Researchers to examine 'Intelligence Preparation of the Battlefield'

July 18, 2012

Military intelligence analysts, when devising strategies for operations, must take a number of threat conditions into account. "Intelligence Preparation of the Battlefield" is a term used in the military that defines the methodology employed to reduce uncertainties concerning the enemy, environment, and terrain for all types of operations. Researchers at Penn State’s College of Information Sciences and Technology (IST) recently received a grant that will enable them to explore the ways in which battlefield planning methods can be improved, with the ultimate goal of helping the U.S. Army develop a technological game plan for winning on the battlefield.

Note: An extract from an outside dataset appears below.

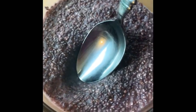Hey guys, welcome to Avery's Kitchen. My name is Avery and today I'm going to be showing you all how to make this delicious raspberry chia seed pudding.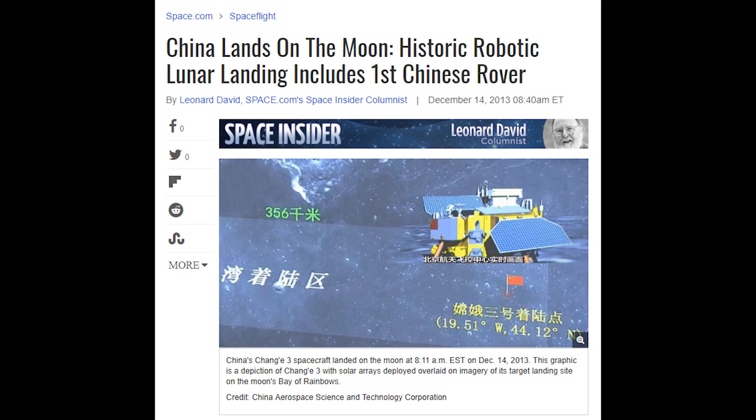The 2nd of January marked a first in human history. A Chinese moon rover managed to land on the far side of the moon. If you want to know more about how the Chinese landed on the far side of the moon, how they even communicate to us from that far side, and what the far side of the moon even is — stay tuned.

David Hall, dean of the College of IST; Michael McNeese, associate dean for Research, Graduate Studies and Academic Affairs; Steve Shaffer, senior lecturer and Jake Graham, professor of practice in security and risk analysis, have received an award of $125,000 from the Calspan-University of Buffalo Research Center (CUBRC) to support the project, “Future IPB through Intelligence Analyst-Expert System Teaming: Concepts of Design and Development of Knowledge-Based Systems.” The goal of the undertaking, which has been initiated by the Army Research Office, is to evaluate current practices in IPB and determine how they can be improved through knowledge-based systems – software that uses artificial intelligence or expert system techniques in problem-solving processes.

“IPB is a very detailed process of examining the elements of terrain and weather as well as man-made systems, roads and infrastructure to evaluate the effects of those things on both friendly and adversarial operations,” said Graham, a retired Marine Corps colonel.

The IST researchers will examine various technologies -- database search engines, automated retrieval and storage systems, and representational systems (neuro-linguistic programming models that examine how the human mind processes information) -- to see how they could support IPB activities. In addition, Graham said, they plan to conduct surveys with IPB practitioners to help them “determine what would best support their roles as intelligence analysts.”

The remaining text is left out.